Banco Popular et NovaCaixa de Galicia tentent de maintenir leurs prix. Si elles fléchissent, elles parviendront – peut-être – à peupler progressivement la ville. L’ouverture des écoles, peut-être d’un centre de soins, suivra ou non.

Chute générale des ventes

Pour vendre, il faut trouver de la demande. Les ventes immobilières ont chuté de 17,7 % d’une année sur l’autre. Les ventes de 2011 représentent la moitié de celles de 2007.

Dans la province d’Alicante, les propriétaires sous hypothèques qui le peuvent encore renégocient leurs crédits ou tentent de payer par anticipation.

L’Espagne est en récession ou stagnation depuis environ cinq ans.
Elle avait progressé fortement dans les sept premières années de son adhésion à la zone euro, grâce notamment à l’immobilier.
Elle risque de faire face à l’accentuation d’un autre phénomène, déjà largement entamé.
Du fait des taux bancaires rémunérant très bas les épargnants ou certains fonds privés de retraite, ce qui est le cas pour les Britanniques, mais touche d’autres catégorie de résidents européens, ce sont des villes-bis entières qui risquent de se dépeupler partiellement ou de s’étioler.

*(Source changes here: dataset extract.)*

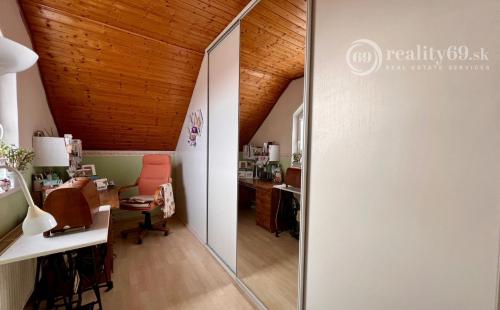 REZERVOVANÉ - ČEČEJOVCE - SELEŠKA POSCHODOVÝ 5 IZBOVÝ RD V SUPER STAVE, POZEMOK 1.822 M2.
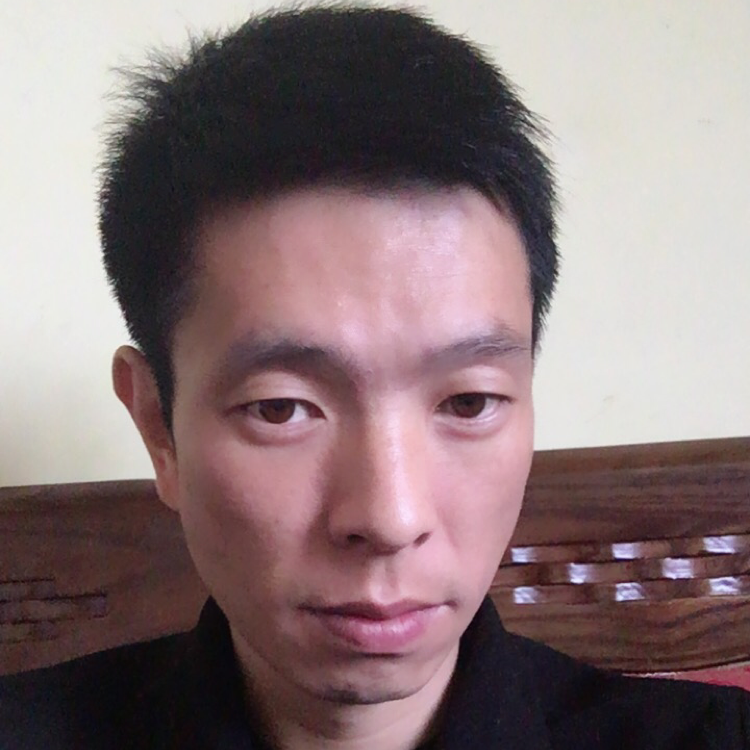 春媱挽手娇气的照片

Mais qu’on se « rassure ».

Les immeubles et surtout les résidences et domaines de grand luxe très bien situés ne risquent rien, leur valeur est stable, voire croissante, la demande ne fléchit pas trop.

Juste une question ?

Petite interrogation dont on devine sans peine la réponse. Ils en sont où maintenant, ces brillants économiques et ces grands chefs des services du secteur bancaire espagnol qui ont mis l’économie en surchauffe et les fonds propres de leurs établissements à plat ?  Ah, ils dégraissent les effectifs des agences ? Ils planchent sur de nouveaux produits plus juteux pour redresser la barre, faire monter, par la spéculation, le prix des denrées alimentaires et des matières premières ?
Bravo, continuez. Et pas de souci à se faire pour la prochaine.

Auteur/autrice : Jef Tombeur

Longtemps "jack of all trades", toujours grand voyageur. Réside principalement à Paris (Xe), fréquemment ailleurs (à présent, en Europe seulement). A pratiqué le journalisme plus de sept lustres (toutes périodicités, tous postes en presse écrite), la traduction (ang.>fr. ; presse, littérature, docs techs), le transport routier (intl. et France), l'enseignement (typo, PAO, journalisme)... Congru en typo, féru d'orthotypographie. Blague favorite : – et on t'a dit que c'était drôle ? Eh bien, on t'aura menti !

2 réflexions sur « Espagne : la debacle immobiliere de Sesena »

  1. Sarkozy, comme les concepteurs de la ligne Maginot, est toujours en retard d’une guerre et lorgne toujours sur les solutions qui ont semblé marché hier. Si j’étais allemand, je me ferais du souci…
    Le bon vieux culte de l’efficacité néo-libérale – en fait idéaliste pour ne pas dire coupée de la réalité – a encore frappé, comme le montre avec précision cet article.

  2. Pas mal vu, Chrisrub. Merci pour votre appréciation. Pendant ce temps, la Suisse lance un satellite « éboueur » (pour récupérer les déchets spatiaux des autres). L’innovation utile.
    Mais on préfère primer et « valoriser » l’inutile.